Dit leidde tot een groter kwaliteitsverschil maar zorgde er ook voor dat glasmedaillons beschikbaar werden voor een nieuwe groep. De gewone burgerij. De vraag van deze groep leidde tot een zekere massaproductie en tot een verdere verspreiding van de medaillons naar het platteland.
De contrareformatie leidde niet alleen tot een afnemende interesse in de glasschilderkunst maar ook tot een iconografische discussie betreffende de onderwerpen en uitbeeldingen van verschillende taferelen. Het gevolg hiervan was dat de artistieke en intellectuele diversiteit van het medaillon verder achteruitging tot deze bijna volledig verdwenen was .

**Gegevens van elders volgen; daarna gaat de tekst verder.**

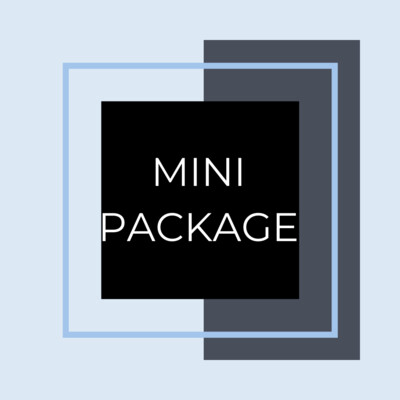 Mini Consultation Package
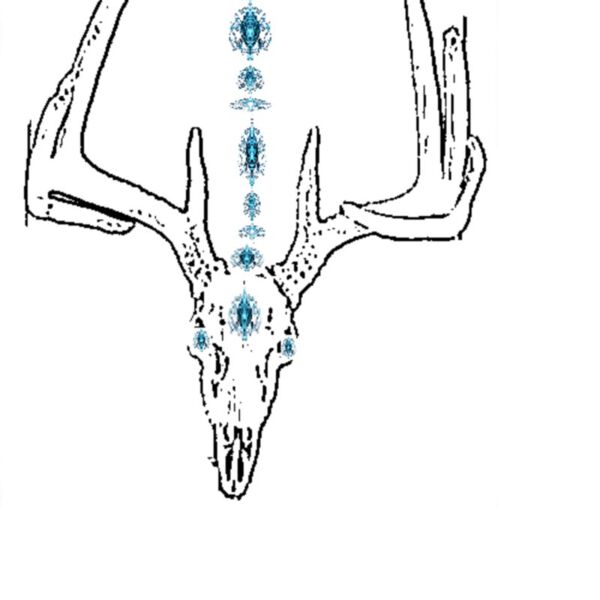 last ned   2020 03 24T114355 removebg preview Thumbnail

De politieke en economische onrust leidde ertoe dat in de 2e helft van de 16e eeuw er minder monumentaal glas werd geproduceerd. In Antwerpen was er in het begin van de 17e eeuw nog een opleving toen in 1615 een nieuwe kruisbeuk werd voltooit. Dit leidde tot een nieuwe beglazingscampagne waarin in de periode tussen 1614 en 1649 opdracht werd gegeven voor verschillende ramen. Waaronder nieuwe beglazing van de sint Lucas kapel waarvan 1 raam werd gefinancierd door de oudermannen van het glazenmakers ambacht. Vanaf de 2e helft van de 17e eeuw loopt de vraag naar glasramen terug.
3 Leerlingen en gezellen
Binnen een atelier was er de meester, een gezel en een aantal leerlingen.
De leerlingen stonden onderaan de hi??rarchie en werkte voor kost en inwoning. De leerling begon onderaan met vaak het minst aantrekkelijke werk zoals het broyeren (malen) van de glasverf, het binden van de penselen en het gieten van de loodprofielen werkte zich vanuit daar verder op. Ze leerde door de andere leerlingen, de gezel en de meester te observeren. Aan het eind van de tijd als leerling mochten er vaak al taken zoals glassnijden, loodzetten en soms ook schilderen uitgevoerd worden.
Het leerlingschap was een essentieel onderdeel van het gildesysteem en verplicht voor een ieder die de graad van meester wilde behalen. Het was een garantie voor een constante aanvoer van werkkrachten en een belangrijk onderdeel voor he garanderen van kwaliteit. Dit omdat het gilde zelf grote invloed had in de manier van opleiden en het selecteren van geschikt talent.
Anders dan nu was het leerlingschap meer een individuele ervaring dan een groeps .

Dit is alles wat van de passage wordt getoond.